I am a bit confused as to what I should use to derive the equations of motions from the lagrange equation.

Suppose I have a lagrange function:

$$L(x(t), \dot{x}(t)) = \frac{1}{2}m\dot{x}^2-\frac{1}{2}k(\sqrt{x^2+a^2}-a)$$

Method 1: Principle of least action

$$\delta L = \delta \dot{x}(m\dot{x})-\delta x \frac{kx(\sqrt{x^2+a^2}-a)}{\sqrt(x^2+a^2)}$$

$$\delta W = \int_{t_0}^{t_1} \delta L \ dt$$

After doing integration by parts, i obtain:

$$\delta W= -\int_{t_0}^{t_1} \delta x \biggl[m \ddot{x}+\frac{kx(\sqrt{x^2+a^2}-a)}{\sqrt(x^2+a^2)} \biggl] dt$$

for stationary points, $$\delta W = 0$$

Hence, inside the integral, $$m\ddot{x}+\frac{kx(\sqrt{x^2+a^2}-a)}{\sqrt(x^2+a^2)} = 0$$

and this is the equation of motion.

Method 2: Euler-Lagrange Equation

Alternatively, we can consider the euler lagrange equation:

$$\frac{\partial L}{\partial x} - \frac{d}{dt}\biggl(\frac{\partial L}{\partial \dot{x}} \biggl) = 0$$

By substituting $$L$$ into the euler-lagrange equation, we get the same equation of motion:

$$m\ddot{x}+\frac{kx(\sqrt{x^2+a^2}-a)}{\sqrt(x^2+a^2)} = 0$$

So method 2 is a lot easier than method 1, but why do we arrive at the same answer? I have a hunch both methods are essentially calculating the same thing, but I am not sure if this hunch is right because the euler lagrange equations seems a bit too simple as compared to principle of least action. Is there something i'm missing here?

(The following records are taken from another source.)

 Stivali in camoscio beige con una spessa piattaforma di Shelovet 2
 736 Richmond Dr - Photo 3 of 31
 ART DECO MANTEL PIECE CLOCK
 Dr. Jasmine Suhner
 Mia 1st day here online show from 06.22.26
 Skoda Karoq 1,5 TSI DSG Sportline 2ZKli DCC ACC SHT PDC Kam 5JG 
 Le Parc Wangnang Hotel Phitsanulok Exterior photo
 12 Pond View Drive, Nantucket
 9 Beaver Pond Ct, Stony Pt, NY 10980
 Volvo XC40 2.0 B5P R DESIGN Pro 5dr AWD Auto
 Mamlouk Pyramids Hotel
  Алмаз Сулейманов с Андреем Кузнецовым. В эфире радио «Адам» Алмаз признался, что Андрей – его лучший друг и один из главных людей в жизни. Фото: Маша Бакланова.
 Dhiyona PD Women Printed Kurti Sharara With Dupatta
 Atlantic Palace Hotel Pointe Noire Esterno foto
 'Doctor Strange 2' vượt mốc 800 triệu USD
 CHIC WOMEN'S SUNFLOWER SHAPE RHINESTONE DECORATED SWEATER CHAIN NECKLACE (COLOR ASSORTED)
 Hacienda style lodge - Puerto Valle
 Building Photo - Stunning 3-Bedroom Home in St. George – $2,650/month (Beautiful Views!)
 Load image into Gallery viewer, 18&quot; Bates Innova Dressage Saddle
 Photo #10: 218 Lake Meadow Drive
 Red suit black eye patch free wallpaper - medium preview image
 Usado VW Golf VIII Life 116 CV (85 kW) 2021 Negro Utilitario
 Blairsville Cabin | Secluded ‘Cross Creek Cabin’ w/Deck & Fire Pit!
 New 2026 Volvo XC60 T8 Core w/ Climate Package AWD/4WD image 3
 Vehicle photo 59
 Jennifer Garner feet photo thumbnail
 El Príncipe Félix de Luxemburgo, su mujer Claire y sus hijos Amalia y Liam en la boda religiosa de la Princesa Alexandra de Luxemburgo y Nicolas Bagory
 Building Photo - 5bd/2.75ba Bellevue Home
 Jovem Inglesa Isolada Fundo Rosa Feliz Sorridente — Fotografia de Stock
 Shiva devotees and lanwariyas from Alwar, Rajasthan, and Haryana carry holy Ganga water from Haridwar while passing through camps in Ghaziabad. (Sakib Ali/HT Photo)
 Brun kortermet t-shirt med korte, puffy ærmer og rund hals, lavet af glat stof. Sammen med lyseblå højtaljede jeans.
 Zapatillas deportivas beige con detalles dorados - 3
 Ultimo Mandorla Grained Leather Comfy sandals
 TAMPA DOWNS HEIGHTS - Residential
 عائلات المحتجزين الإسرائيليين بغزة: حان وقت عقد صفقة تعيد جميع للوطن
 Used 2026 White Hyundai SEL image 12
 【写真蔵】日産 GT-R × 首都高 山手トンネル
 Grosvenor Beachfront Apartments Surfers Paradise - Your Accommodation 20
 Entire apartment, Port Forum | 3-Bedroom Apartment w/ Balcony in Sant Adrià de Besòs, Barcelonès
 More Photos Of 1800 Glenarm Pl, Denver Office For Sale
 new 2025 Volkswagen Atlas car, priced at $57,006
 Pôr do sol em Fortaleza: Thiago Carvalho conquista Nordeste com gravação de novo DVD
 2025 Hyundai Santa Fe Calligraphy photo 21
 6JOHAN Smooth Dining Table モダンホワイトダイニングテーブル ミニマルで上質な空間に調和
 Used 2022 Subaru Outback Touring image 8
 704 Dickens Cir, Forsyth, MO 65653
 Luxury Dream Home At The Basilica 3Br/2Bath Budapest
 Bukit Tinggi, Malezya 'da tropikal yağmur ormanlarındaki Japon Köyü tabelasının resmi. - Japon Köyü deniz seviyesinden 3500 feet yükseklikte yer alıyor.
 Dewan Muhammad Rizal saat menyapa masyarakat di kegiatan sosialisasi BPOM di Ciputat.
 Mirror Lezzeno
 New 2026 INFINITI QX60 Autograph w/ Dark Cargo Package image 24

• You can find the answer in every book for variational calculus. Action is a functional and Euler-Lagrange equation is the criterion for extremum point of this functional in functional space. E-L equation simply means that $\delta S/\delta x=0$. When you vary action directly, you just rederive E-L equation – Artem Alexandrov Nov 16 '19 at 16:43

First, I think there is something wrong with your partial derivative of the Lagrangian with respect to $$x$$.
Second, the Euler-Lagrange equations are nothing more than the process that you performed in Method 1, done without committing to a specific form for $$L$$ but leaving it generic. In your first step you took partial derivatives of $$L$$ with respect to its position and velocity terms, in your second step you took the velocity derivative and involved it in an integration by parts, where you took a total time derivative and then added a minus sign. If your Lagrangian also involved $$\ddot x$$ you would then have a $$+\frac{\mathrm d^2~}{\mathrm dt^2}\frac{\partial L}{\partial\ddot x}$$ term from two integrations by parts, for example.
Granted appropriate boundary conditions, the stationary action principle and the Euler-Lagrange (EL) equations are both precisely the condition that the functional/variational derivative $$\frac{\delta S}{\delta x^j (t)} \tag{1}$$ vanishes, so they better agree!